When it reached Madeira, he managed to get discharged. After boarding another boat, he served with Captain Clow and became involved with the slave trade on the Guinea coast, where he learned the horrors of that work, and was also badly treated himself. His father had tried to find him and, eventually, he was discovered and brought back to England but it was a long voyage and he made the best use of the captain's library, by studying Euclid and “The Imitation of Christ" by Thomas ? Kempis. This made him feel angry as it reminded him of his mother's teaching, and he remembered Isaac Watt's hymns. He reacted by inventing new forms of blasphemy, and enjoyed shocking the crew, so that the captain begged him to desist. Then his ship was engulfed in a violent storm during which men were washed overboard and John was at the wheel for 2 days. He was frightened and in despair of survival so he prayed to be saved.

He felt his tongue was cleansed. Back in England, under Manesty's influence, he joined the Church of England, attending St George's, Liverpool. In February, 1750, he married Mary Catlett, and when his father died 3 months later, John was glad to give up the sea and become a customs officer, while undertaking a variety of preaching assignments as an evangelical Christian in and around Liverpool.

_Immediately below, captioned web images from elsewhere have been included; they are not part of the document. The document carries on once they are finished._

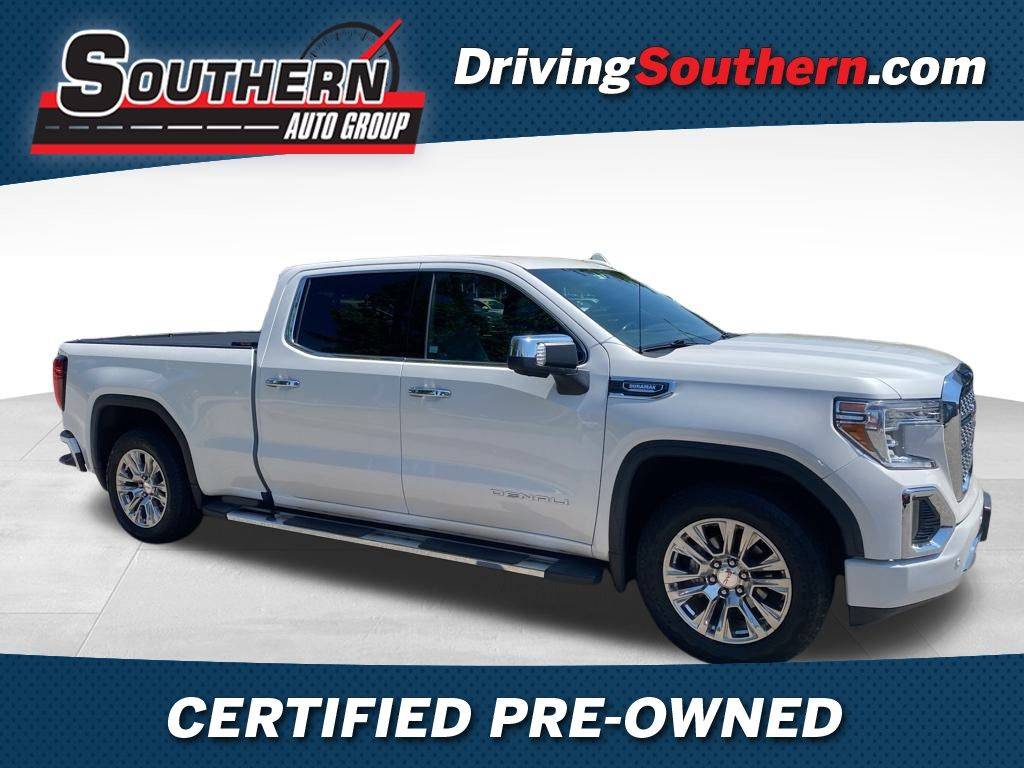 2021 GMC Sierra 1500 Denali — Pickup Truck — 59,650 mi — Chesapeake, VA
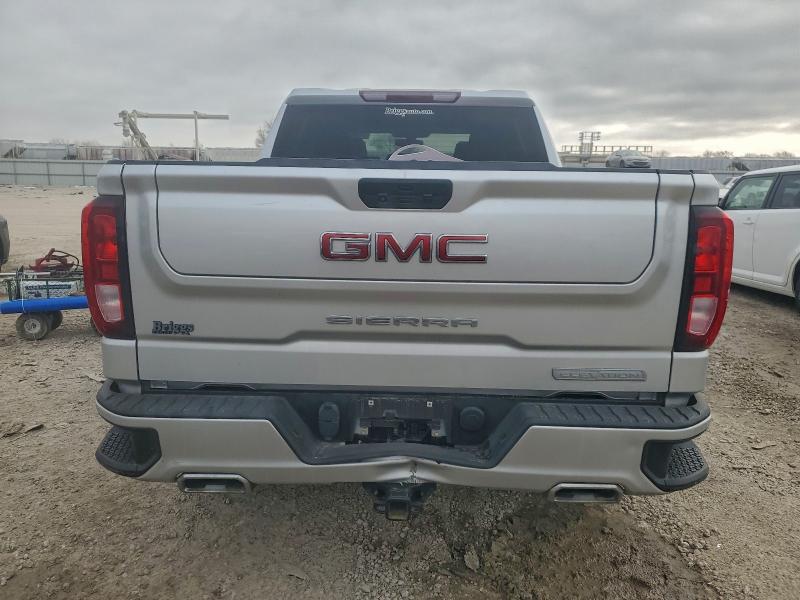 Продаж на аукціоні авто 2021 Gmc Sierra, vin: 3GTU9CET3MG378181, номер лоту: 81998655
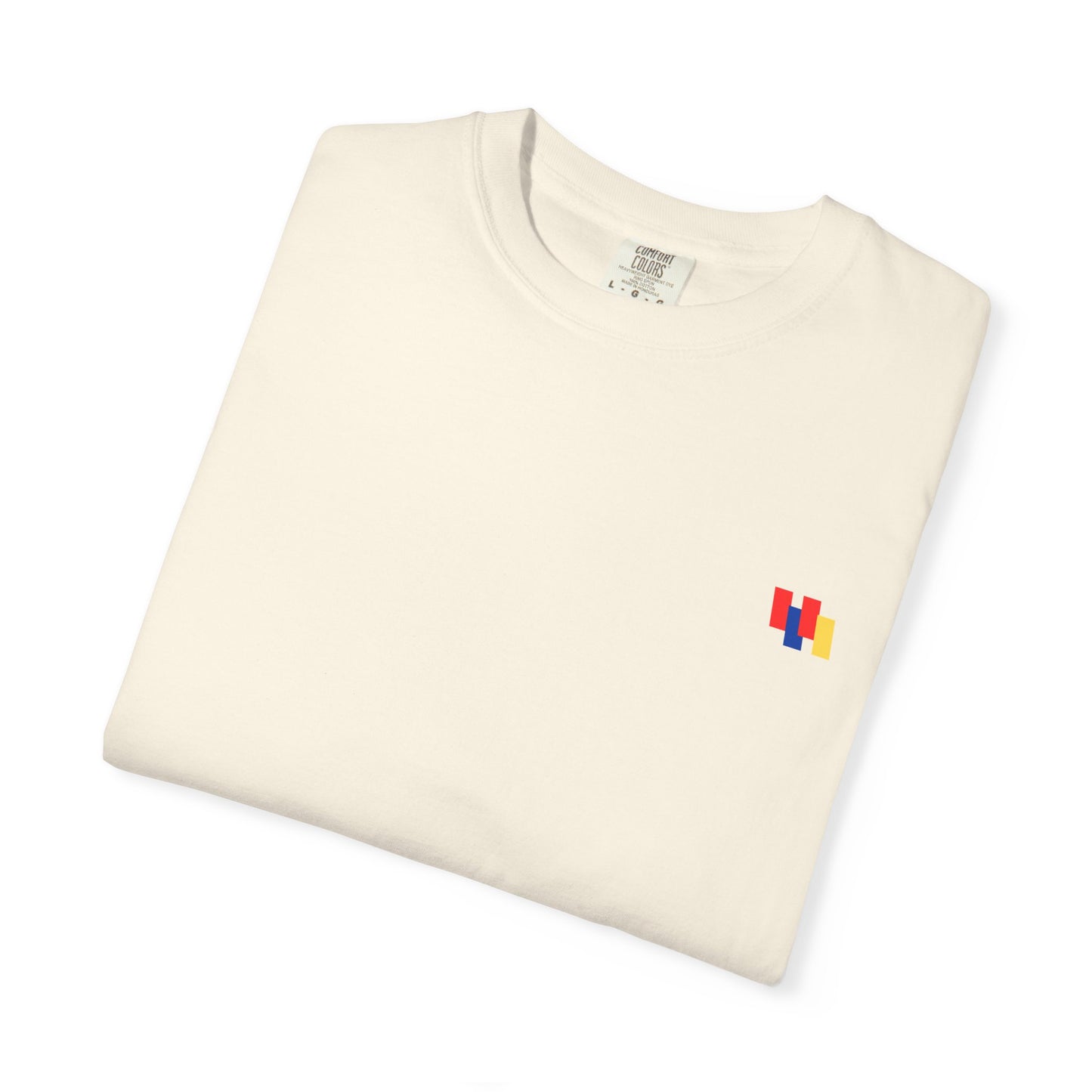 Obay Vibrant Unisex Garment-Dyed T-Shirt - Comfort for Casual Wear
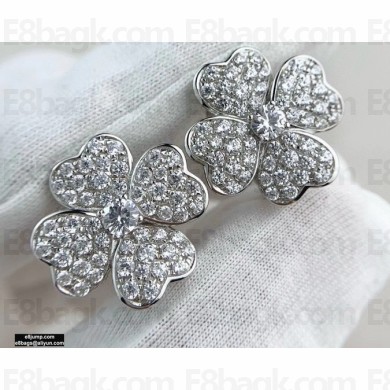 Van Cleef & Arpels Earrings 02 2021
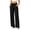 A_Black#16, variant on Yteetum Women's Cotton Linen Wide Leg Pants Baggy Elastic Waisted Palazzo Pant Summer Fall Casual Solid Loose Comfy Trousers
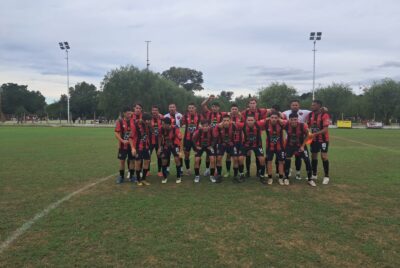 SINTESIS DE LA SEPTIMA FECHA DE MAYORES DEL FUTBOL OFICIAL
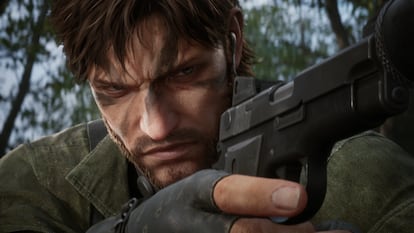 Imagen del videojuego 'Metal Gear Solid Delta: Snake Eater'.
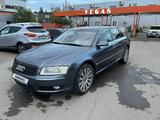 Audi A8 2003 года за 5 000 000 тг. в Костанай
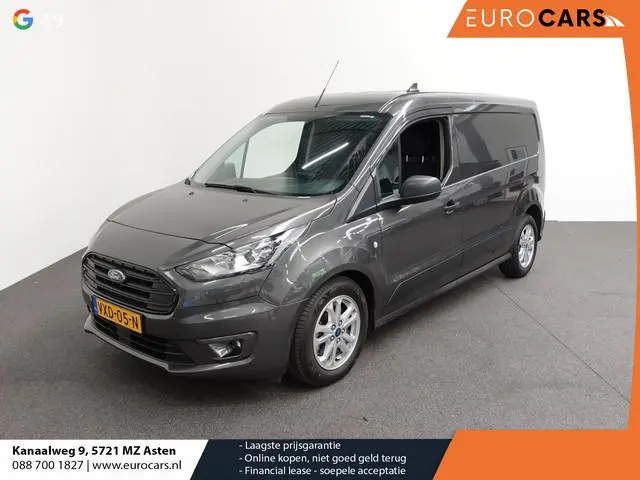 Ford Transit Connect 1.5 EcoBlue L2 Trend Automaat Raptor Edition Navigatie Airco Parkeersensoren Cr...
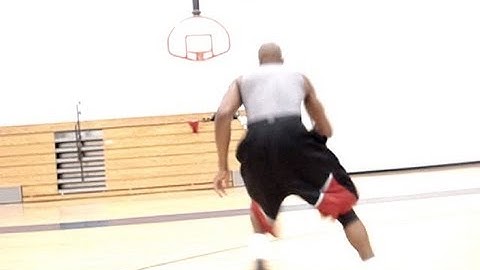 DWade Hesitation Spin Move Layup Pt. 2 | Driving Moves Highlight Mix | Dre Baldwin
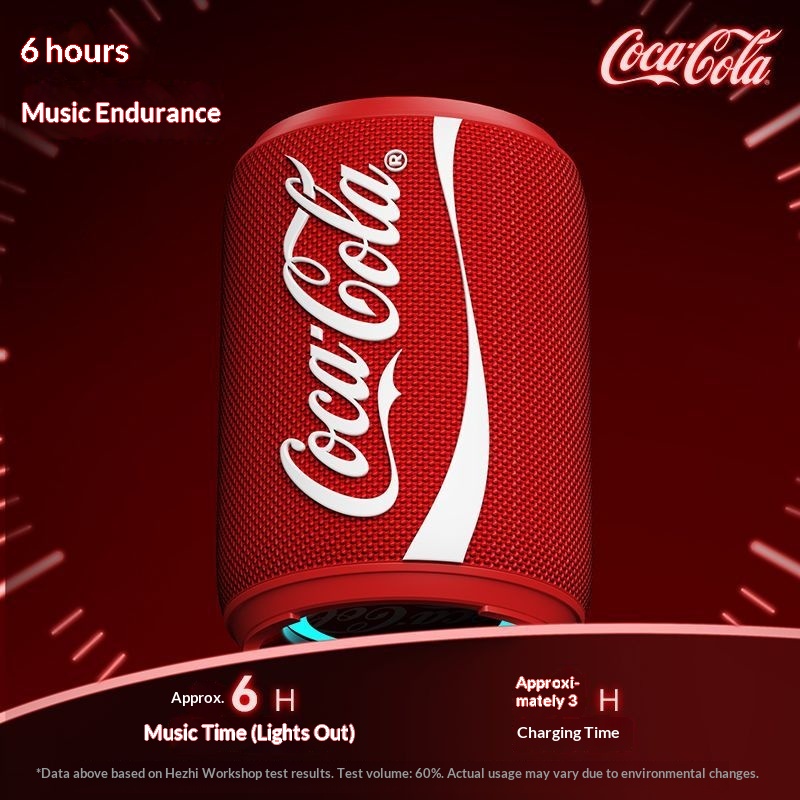 Nova colaboração Coca-Cola Blu - Power Bank avaliação e preço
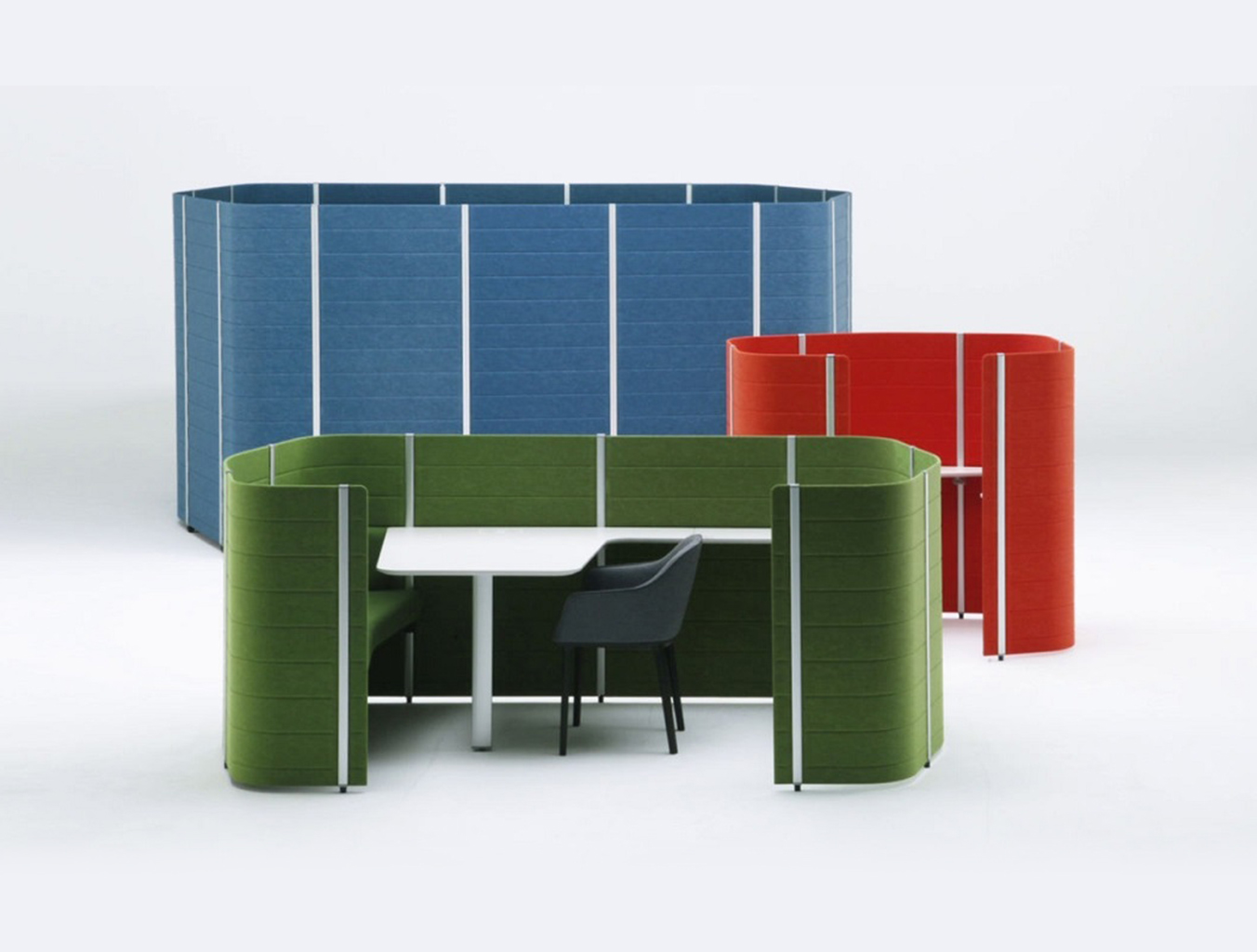 会议台|静音舱/洽谈屋|办公家具|华体会体育官方在线官网家具|Workbays Focus 1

In 1758, Newton applied to the Bishop of York to be ordained but was refused as he was not a university graduate. John Wesley and Rev. John Fawcett were greatly impressed by his religious qualities and Rev. Thomas Haweis asked him to expand his writings into a lengthier autobiography.

In 1769, in Olney, he met Lord Dartmouth who greatly encouraged him. Then he wrote, "Thoughts Upon the African Slave Trade". In 1788, William Pitt introduced him into the Privy Council to give evidence of the terrible cruelty he had witnessed to slaves. He also campaigned against the death penalty, then used for 200 offences.

Lord Dartmouth was able to persuade the Bishop of Lincoln to ordain Newton and he was then appointed to the parish of St Peter and St Paul, Olney. It was here that he began to write his hymns with William Cowper, the poet, including the most enduring, "Amazing Grace".

His final appointment was to St Mary Woolnoth, in Lombard St, London in 1780, where he collected very large congregations and proved a strong evangelical influence.

He died in 1807, having said to a friend, "I am packed and sealed and waiting for the post".

Bibliography: "Amazing Grace" by Henry Hunter "John Newton" by Bernard Marlin.